On 04/12/12 07:37, Filipus Klutiero wrote:
in February, Stefano Zacchiroli added a document titled "Debian
Position on Software Patents" to our website: http://www.debian.org/legal/patent
This document includes both a position and a policy regarding
software patents. It states:
Debian will not knowingly distribute software encumbered
by patents; Debian contributors should not package or
distribute software they know to infringe a patent.
Debian will not accept a patent license that is
inconsistent with the Debian
Social Contract or Debian
Free Software Guidelines.
Unless communications related to patents are subject to
attorney-client privilege, community members may be forced
to produce them in a lawsuit. Also, patent concerns
expressed publicly may turn out to be unfounded but create
a good deal of fear, uncertainty, and doubt in the
meantime. Therefore, please refrain from posting patent
concerns publicly or discussing patents outside of
communication with legal counsel, where they are subject
to attorney-client privilege.
Patent risks affect the entire community. If you are
concerned about a specific patent, please do not keep it
to yourself — notify legal counsel.
All communication related to specific patent risk should
be directed to firstname.lastname@example.org,
which is maintained under the rules of attorney-client
privilege. The risk will be evaluated and any necessary
response will be made directly to affected parties.
As far as I know, this document was not publically discussed
before being published (see http://anonscm.debian.org/viewvc/webwml/webwml/english/legal/patent.wml?view=log
I see this as amounting to:
- A message to both users and contributors that patent
infringement in Debian is unwanted.
- A message to both users and contributors that Debian will
only accept to ship software covered by patents if the patents
concerned were licensed free of restrictions (DFSG-like
- A request to share specific patent concerns.
- An indication that a private contact point for sharing
specific patent concerns exists.
- A request/demand that people concerned with specific patent
issues do not share their concerns, except with the contact
point mentioned in 3.
1. is fairly obvious. 2. is welcome, although I suppose this is
just officializing a stance we were already taking. 3. can be
considered a specific case of our pretty obvious desire to have
our bugs reported. 4. is excellent news. 5. is, however,
anti-transparency, and IMO against our ethics. Such a position
statement cannot be made prior to discussion. Since it looks
like this wasn't discussed yet, I am hereby lauching a public
discussion on 5. This is not a poll, but I'd like to see the
opinions of others on it. and whether it is unanimous or not.

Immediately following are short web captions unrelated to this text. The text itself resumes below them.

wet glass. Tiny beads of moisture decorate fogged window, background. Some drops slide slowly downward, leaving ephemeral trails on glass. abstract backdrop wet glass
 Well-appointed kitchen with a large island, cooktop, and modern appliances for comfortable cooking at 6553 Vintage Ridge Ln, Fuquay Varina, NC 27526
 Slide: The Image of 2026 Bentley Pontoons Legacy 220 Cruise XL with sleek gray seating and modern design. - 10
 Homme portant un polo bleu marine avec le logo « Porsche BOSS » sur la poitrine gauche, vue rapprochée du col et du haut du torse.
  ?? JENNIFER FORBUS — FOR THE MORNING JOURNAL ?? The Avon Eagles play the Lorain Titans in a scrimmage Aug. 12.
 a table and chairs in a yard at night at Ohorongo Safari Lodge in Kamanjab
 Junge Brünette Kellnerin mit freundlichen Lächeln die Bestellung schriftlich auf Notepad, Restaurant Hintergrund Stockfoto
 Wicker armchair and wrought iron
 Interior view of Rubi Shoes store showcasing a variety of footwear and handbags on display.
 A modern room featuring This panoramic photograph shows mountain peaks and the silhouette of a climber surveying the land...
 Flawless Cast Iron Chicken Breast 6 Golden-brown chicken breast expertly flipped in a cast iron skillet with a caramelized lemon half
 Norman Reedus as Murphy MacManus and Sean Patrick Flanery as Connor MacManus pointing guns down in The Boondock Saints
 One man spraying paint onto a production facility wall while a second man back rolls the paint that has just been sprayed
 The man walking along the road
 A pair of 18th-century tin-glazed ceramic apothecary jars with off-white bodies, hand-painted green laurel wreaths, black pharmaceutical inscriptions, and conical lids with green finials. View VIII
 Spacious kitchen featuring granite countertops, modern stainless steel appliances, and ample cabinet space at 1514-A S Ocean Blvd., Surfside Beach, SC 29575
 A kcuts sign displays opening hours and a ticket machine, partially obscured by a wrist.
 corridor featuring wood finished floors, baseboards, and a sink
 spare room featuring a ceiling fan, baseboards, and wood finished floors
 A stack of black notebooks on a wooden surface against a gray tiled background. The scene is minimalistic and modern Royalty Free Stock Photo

Leaving the validity of 5. aside, I find that this document is
very confusing. It's not just a policy, and it's talking to
several groups. I suggest:
- To separe 1. , 3. and 4. from the rest. These could be
grouped in a document on intellectual property explaining that
Debian takes into account both copyright and patents and
offering contact points for reporting/discussing specific IP
- To consider merging 2. with the social contract: http://www.debian.org/social_contract
The free software guidelines could be modified to specify that
our freedom requirements apply not only to copyright licenses,
but also to patent licenses.
A modification of a Foundation Document requires a 3:1
majority, but I don't think this would be hard to reach.
Thanks to MJ Ray for his reply when I asked about this document's
I'm very much unhappy with the policies put down here, looking at
the amount of patents Microsoft is holding, it making developing any
software a challenge; that results in the Debian repos being
As a result I suggest, restricting the download and hosting of such
software in the US.. since software patents practically only apply
to the US, and until such laws are removed (which's basically a
restriction of what you write in a text editor), the people of the
US should be faced with such inconvenience.